• [Your goal]
Leaving out every image, restate all the records word for word.

▬▬▬▬▬▬

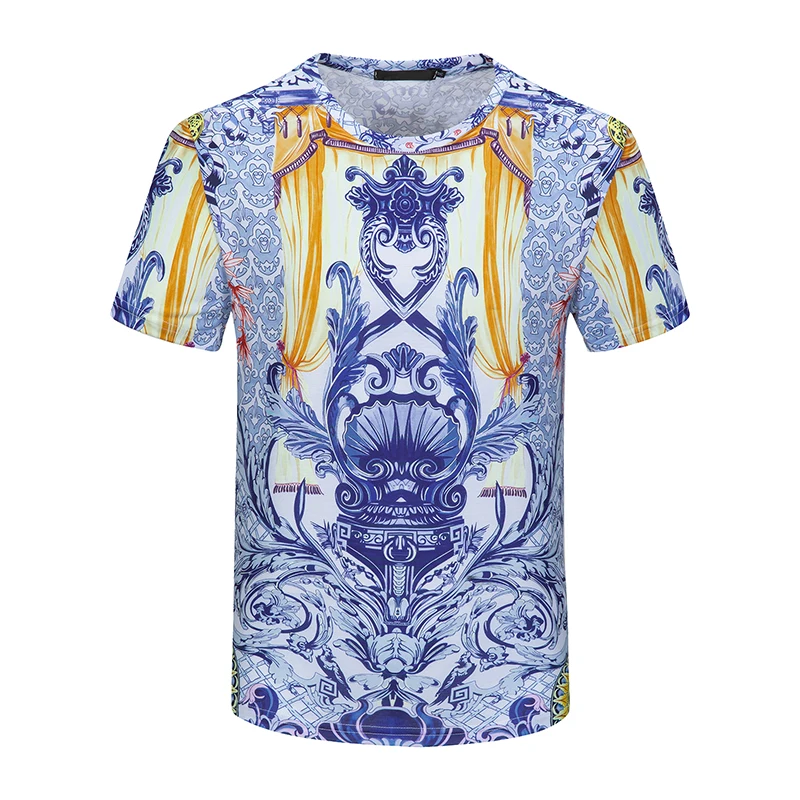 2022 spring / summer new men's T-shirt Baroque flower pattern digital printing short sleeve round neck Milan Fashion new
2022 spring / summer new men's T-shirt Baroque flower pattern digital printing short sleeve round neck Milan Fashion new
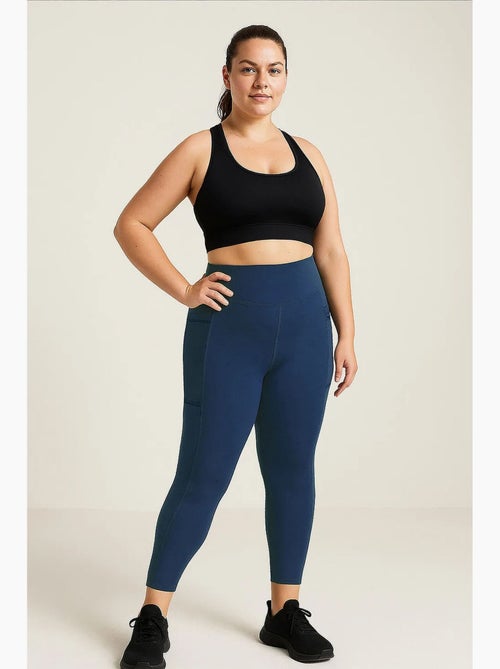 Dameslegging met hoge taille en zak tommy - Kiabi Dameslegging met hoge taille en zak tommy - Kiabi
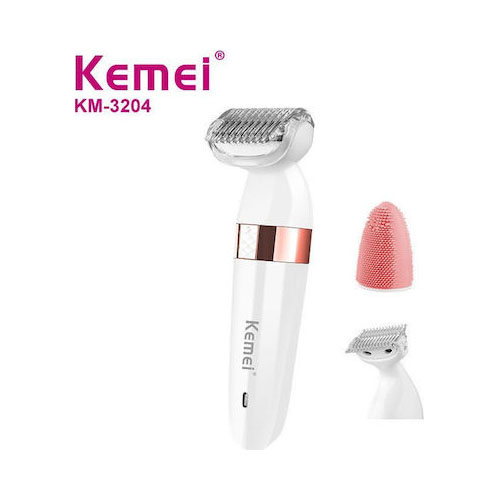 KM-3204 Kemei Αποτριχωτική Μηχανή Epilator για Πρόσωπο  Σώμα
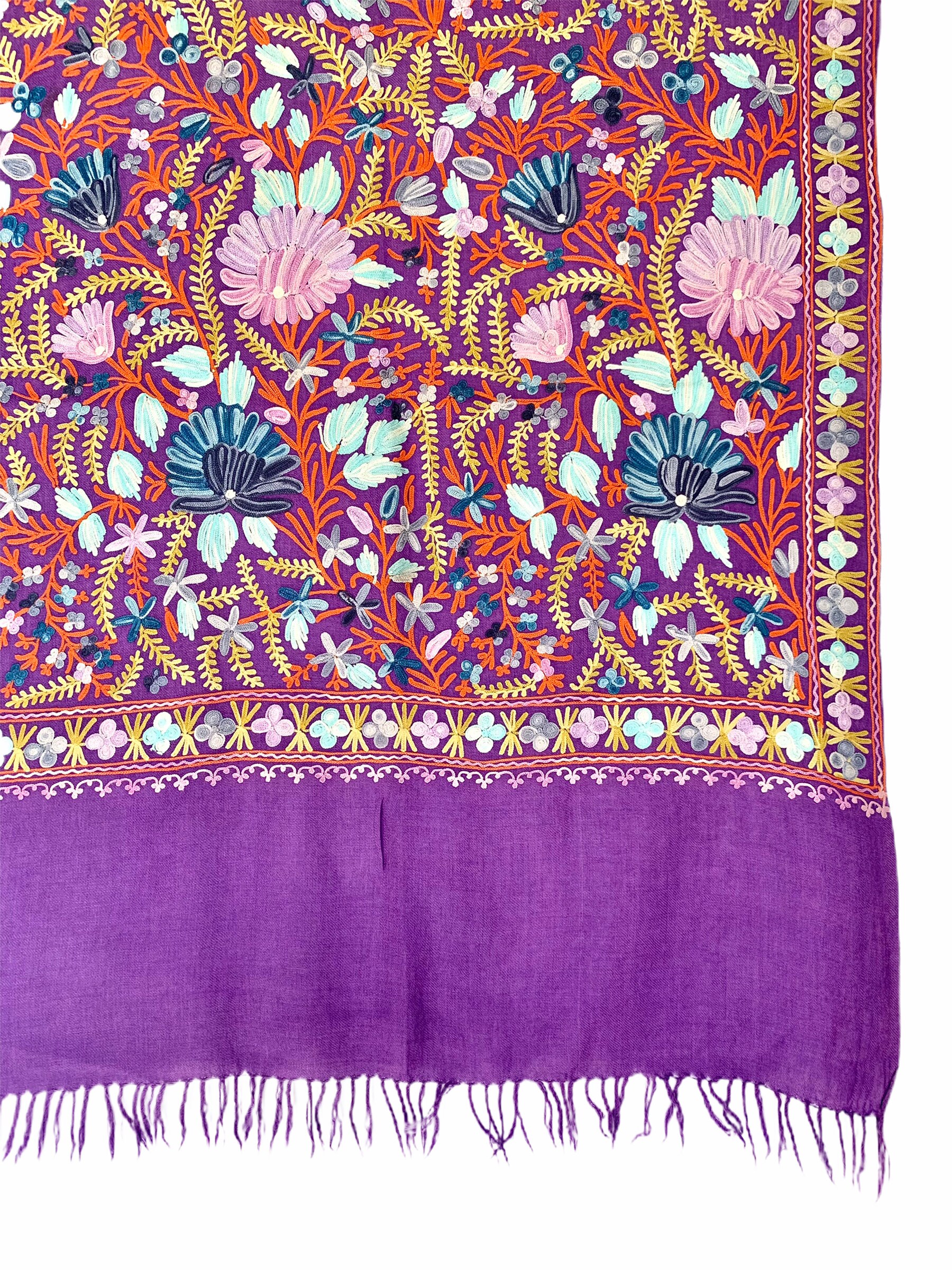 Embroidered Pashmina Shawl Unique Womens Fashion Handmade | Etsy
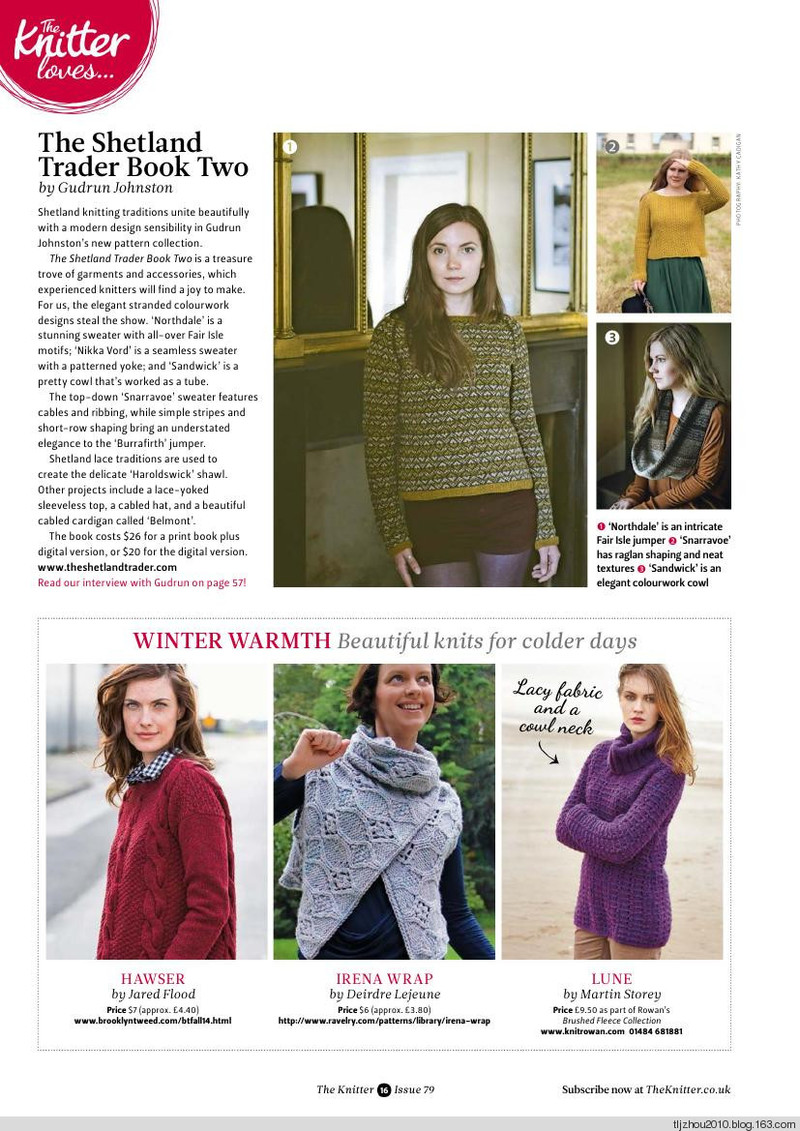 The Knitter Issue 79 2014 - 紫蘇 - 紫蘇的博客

▬▬▬▬▬▬

• [Answer space]
 2022 spring / summer new men's T-shirt Baroque flower pattern digital printing short sleeve round neck Milan Fashion new
2022 spring / summer new men's T-shirt Baroque flower pattern digital printing short sleeve round neck Milan Fashion new
 Dameslegging met hoge taille en zak tommy - Kiabi Dameslegging met hoge taille en zak tommy - Kiabi
 KM-3204 Kemei Αποτριχωτική Μηχανή Epilator για Πρόσωπο  Σώμα
 Embroidered Pashmina Shawl Unique Womens Fashion Handmade | Etsy
 The Knitter Issue 79 2014 - 紫蘇 - 紫蘇的博客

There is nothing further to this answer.